-- What you are asked to do --
For each line in the data below that holds "Toyota", return a copy.

[Collected data]
____________________

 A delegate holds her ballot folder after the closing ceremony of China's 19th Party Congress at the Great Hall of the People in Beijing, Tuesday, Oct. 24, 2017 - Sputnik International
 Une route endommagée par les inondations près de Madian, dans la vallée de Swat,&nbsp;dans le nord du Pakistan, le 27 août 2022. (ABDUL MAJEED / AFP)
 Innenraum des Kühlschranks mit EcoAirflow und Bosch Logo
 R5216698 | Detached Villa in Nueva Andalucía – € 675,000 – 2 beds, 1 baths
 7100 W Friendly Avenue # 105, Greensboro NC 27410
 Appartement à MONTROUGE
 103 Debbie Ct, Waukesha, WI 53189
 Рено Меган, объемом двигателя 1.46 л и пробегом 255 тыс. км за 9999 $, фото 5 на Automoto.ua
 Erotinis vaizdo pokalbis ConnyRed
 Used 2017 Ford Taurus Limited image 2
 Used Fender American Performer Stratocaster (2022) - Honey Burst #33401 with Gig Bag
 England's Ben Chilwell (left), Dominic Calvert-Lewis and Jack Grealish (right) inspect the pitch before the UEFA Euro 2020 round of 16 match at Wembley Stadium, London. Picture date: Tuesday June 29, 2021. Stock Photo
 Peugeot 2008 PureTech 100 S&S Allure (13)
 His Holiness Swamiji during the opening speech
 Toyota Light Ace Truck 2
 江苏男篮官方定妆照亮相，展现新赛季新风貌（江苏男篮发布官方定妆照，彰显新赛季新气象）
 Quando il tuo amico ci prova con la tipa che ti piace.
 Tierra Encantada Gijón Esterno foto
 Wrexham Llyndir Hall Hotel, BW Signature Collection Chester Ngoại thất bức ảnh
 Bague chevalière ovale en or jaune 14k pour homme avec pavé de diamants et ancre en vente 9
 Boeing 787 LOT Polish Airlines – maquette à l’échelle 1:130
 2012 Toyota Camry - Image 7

____________________

-- Final answer --
 Toyota Light Ace Truck 2
 2012 Toyota Camry - Image 7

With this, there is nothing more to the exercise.